Connect to the database using ore.connect
When the installation is done you can start R with ORE enabled using the ORE wrapper. This wrapper will ensure the ORE packages are 'known' to R, i.e. it points to the installation location of these packages. When not using an .Rprofile file the ORE library must be imported explicitly. Once this is done you can connect to the database using ore.connect provided the database listener is up.
When RStudio is installed as a server on the database OS you can make sure the package library paths used by your 'user' R sessions are the same as those used by embedded R. In a 'real' environment the RStudio server most likely will be installed on a separate server, or the users will use a local RStudio version.
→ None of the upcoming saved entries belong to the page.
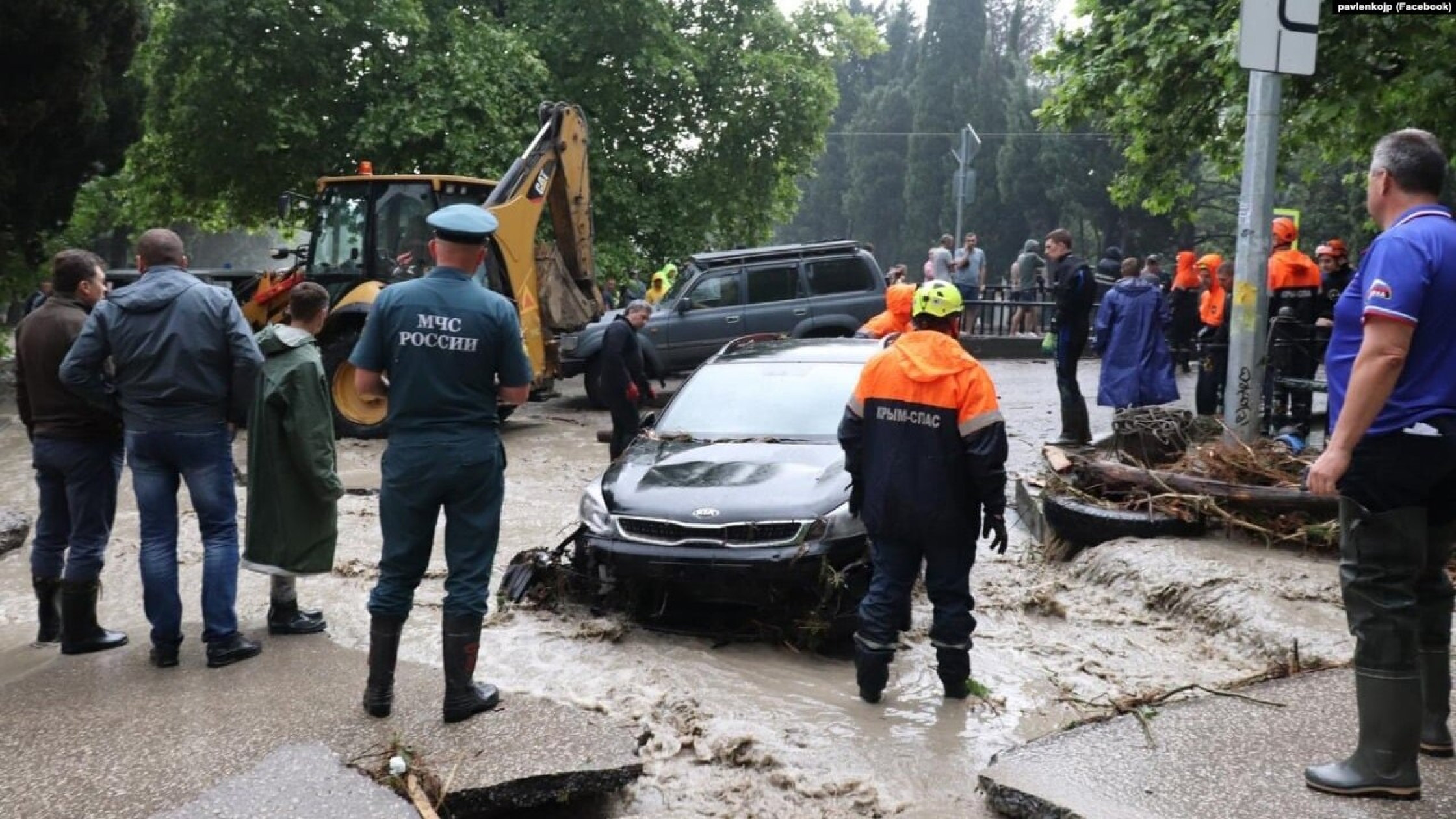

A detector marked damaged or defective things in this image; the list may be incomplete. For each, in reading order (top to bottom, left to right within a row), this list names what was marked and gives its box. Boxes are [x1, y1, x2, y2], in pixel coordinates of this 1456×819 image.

damaged road surface [0, 367, 1362, 819]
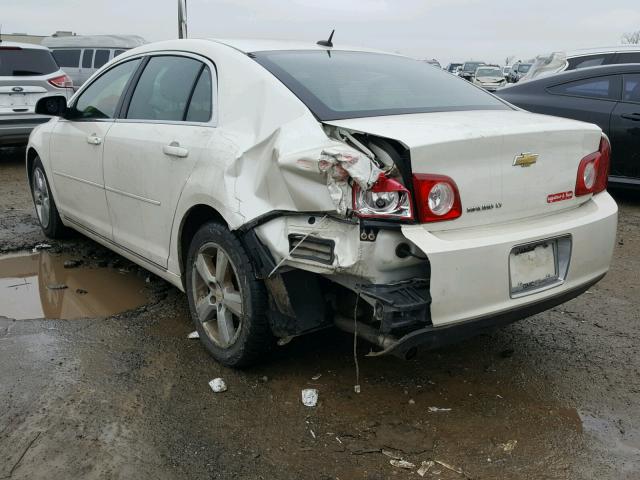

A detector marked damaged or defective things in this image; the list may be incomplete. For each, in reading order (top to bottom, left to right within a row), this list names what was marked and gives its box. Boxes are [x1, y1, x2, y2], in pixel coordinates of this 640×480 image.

broken taillight housing [576, 136, 608, 196]
damaged white car [27, 38, 616, 368]
broken taillight housing [352, 174, 412, 219]
broken taillight housing [412, 174, 462, 223]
This will have implications for systems maintenance which might be a topic for a follow up article.
RStudio server is not an Oracle provided installation so it has to be installed from the RStudio site itself. The installation has to be done under root privileges and you can use the latest RedHat/CentOS rpm.
RStudio will start the available R distribution which, by default, will not be aware of the ORE libraries because they are in a different location. As per documentation you must edit the “/etc/rstudio/rserver.conf” file, but to have the ORE libraries available you should also adjust “/etc/rstudio/rsession.conf”.
An RStudio session is started under an OS account, so the .Renviron and .Rprofile files under the user home directory should be adjusted as well to set the correct ORACLE_HOME and, for convenience, pre-load the ORE packages.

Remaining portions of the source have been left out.